I was probably the only pro Open Source person who thought this was a good decision, as everybody else hated it because it contravened one of the main mantras of Free Software proponents, that OSS licences are not contracts. Katzer, who lost the case, appealed the ruling, and it made its way to the Court of Appeals for the Federal Circuit (CAFC), who have produced a decision that seems to please most people, except me of course. Lessig explains the ruling in very clear terms:
“In non-technical terms, the Court has held that free licenses such as the CC licenses set conditions (rather than covenants) on the use of copyrighted work. When you violate the condition, the license disappears, meaning you’re simply a copyright infringer. This is the theory of the GPL and all CC licenses. Put precisely, whether or not they are also contracts, they are copyright licenses which expire if you fail to abide by the terms of the license.”
Interestingly, Creative Commons, the Open Source Initiative, the Linux Foundation, Wikipedia Foundation, and others, presented an amicus curiae against the District Court reasoning. In this document the amici claim that “it would be enormously beneficial to public licensing for this Court to state clearly a rule regarding the importance of interpreting public licenses in a manner consistent with their unique nature and federal copyright policy.”
The ruling makes for some interesting reading, and the CAFC has accepted the reasoning presented in the amicus curiae highlighted above. The CAFC says that:
“In this case, a user who downloads the JMRI copyrighted materials is authorized to make modifications and to distribute the materials Aprovided that the user follows the restrictive terms of the Artistic License. A copyright holder can grant the right to make certain modifications, yet retain his right to prevent other modifications. Indeed, such a goal is exactly the purpose of adding conditions to a license grant. The Artistic License, like many other common copyright licenses, requires that any copies that are distributed contain the copyright notices and the COPYING file.”
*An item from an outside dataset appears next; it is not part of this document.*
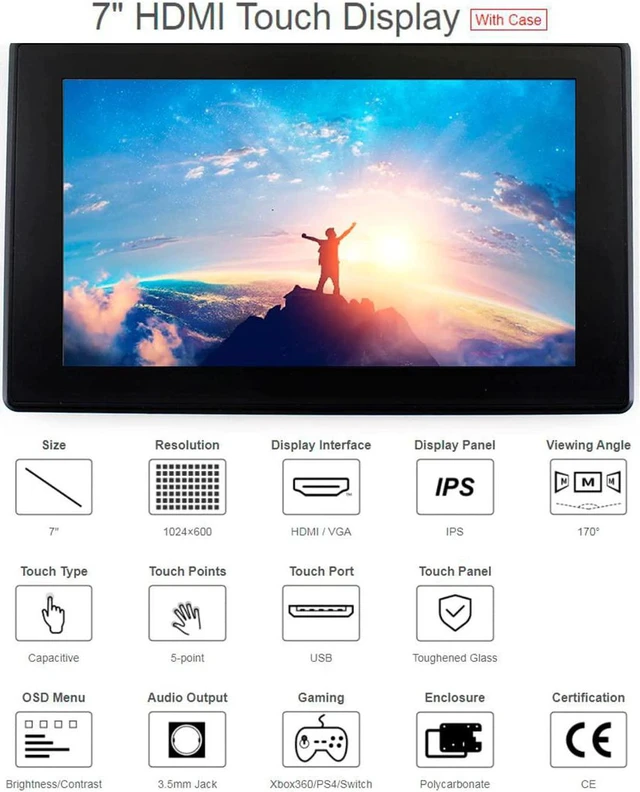 Alt view image 2 of 7 - 7inch HDMI LCD (H) (with case) Capacitive Touch Screen 1024x600 IPS Display Monitor Compatible with Raspberry Pi 5/4B/3B+/3B/Pi Zero W/Zero 2W/Pico/Pico W/Pico 2/Pico 2WJetson Nano/Win10/8/7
The CAFC has to be congratulated for understanding the basic concepts behind open source licensing. In various passages, they clearly “get” the basis of the movement and the underlying rights. The CAFC has delivered the highest instance recognition to open licences, which is another encouraging sign. However, I am still somehow unconvinced by divorcing licences from the issue of contracts (at least in the United States). The main problem that I’ve always had with looking at licences as something separate from contracts is that they may have some unwanted results. For example, if all breach of licences are to be treated as copyright infringement, we may end up with decisions that retroactively apply such infringement, such as the recent Blizzard v MDY.
Nevertheless, this is a ruling that will boost the enforceability of all types of licences, not only open ones. I am attending a software conference in Costa Rica, and I heard from a Microsoft lawyer that they were very pleased with the ruling as it turns EULA licence breaches into copyright infringements. However, the ruling has no relevance in Civil Jurisdictions.
As a shallow aside, it seems like the new term to refer to open licences is “public licences”. I shall now have to tinker with my blog tags.